What you will do: Taking only the lines of the data below from the line with "D’ Lites Blooming" to the line with "thisisneverthat Permutations Tee 'White'", ends included, write them out exactly and without pictures.

Entries supplied:
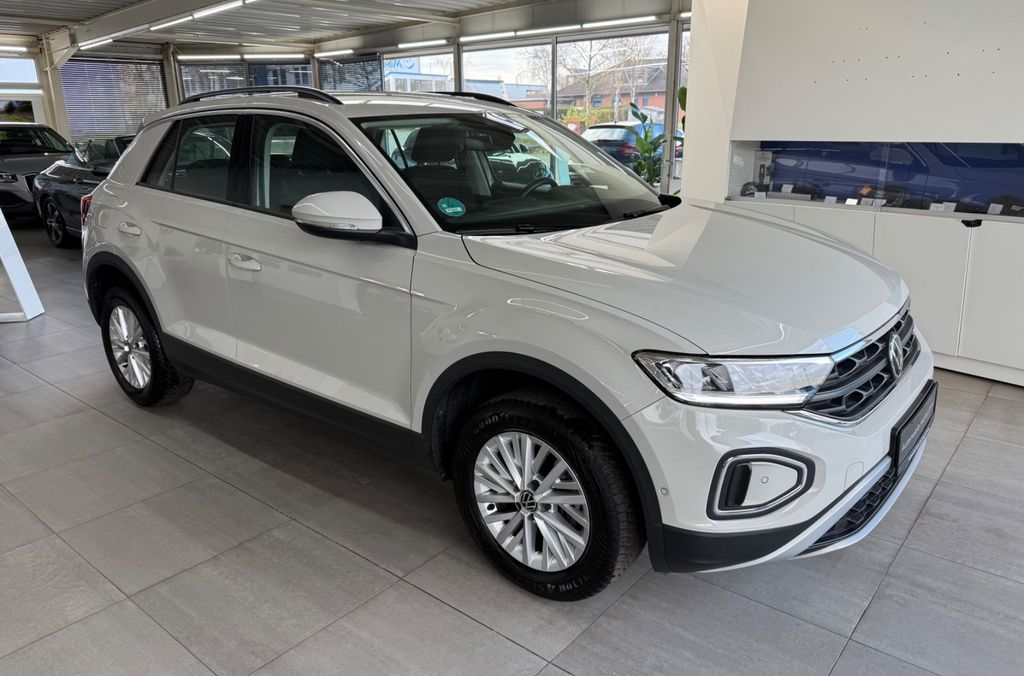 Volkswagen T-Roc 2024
...
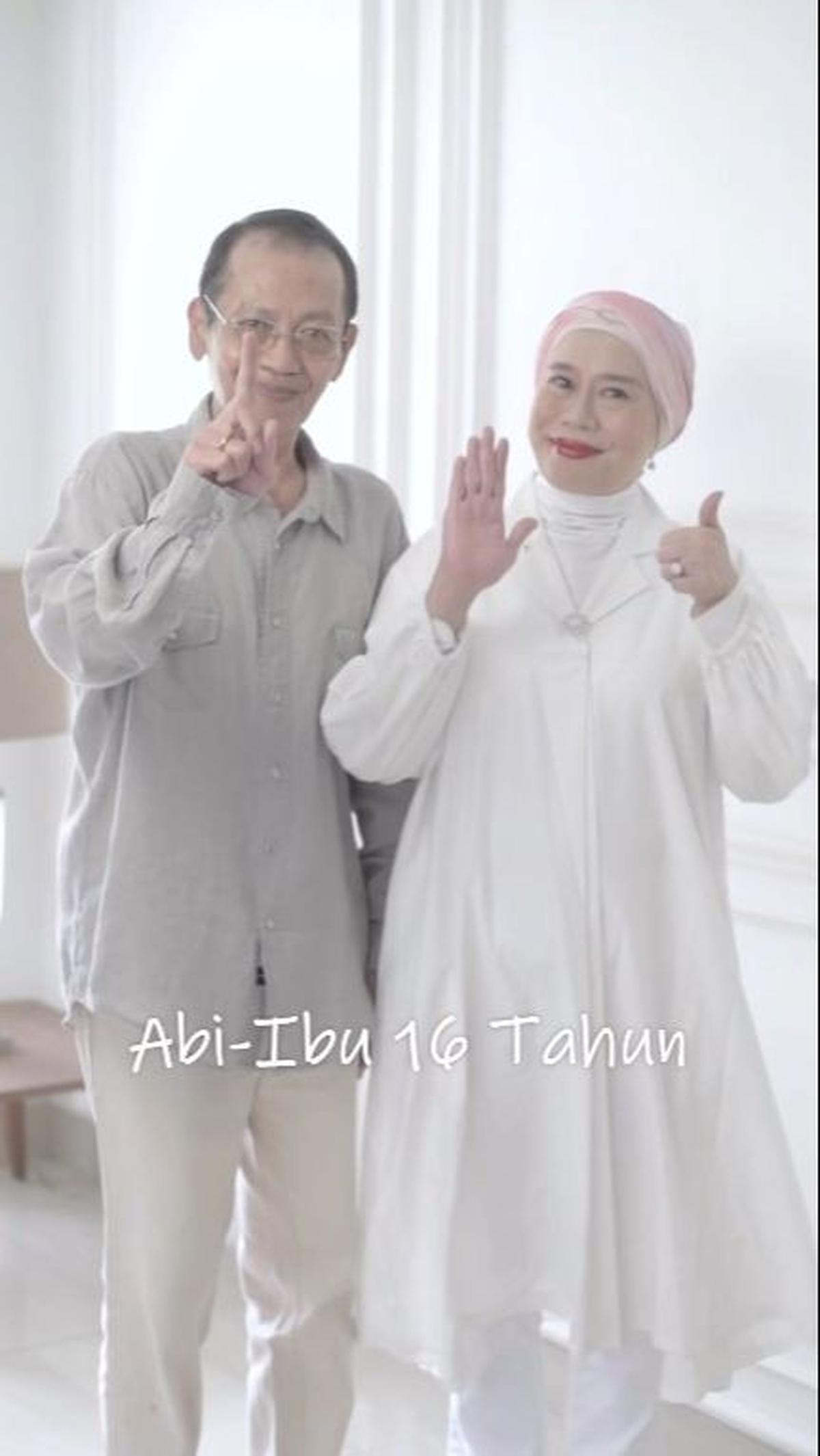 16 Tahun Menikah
* * *
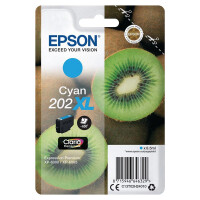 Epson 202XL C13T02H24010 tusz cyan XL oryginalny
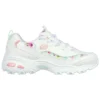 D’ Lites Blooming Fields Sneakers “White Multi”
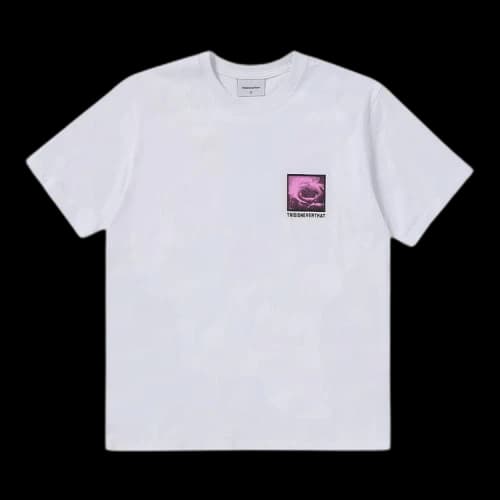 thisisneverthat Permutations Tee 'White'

Answer to this problem:
 D’ Lites Blooming Fields Sneakers “White Multi”
 thisisneverthat Permutations Tee 'White'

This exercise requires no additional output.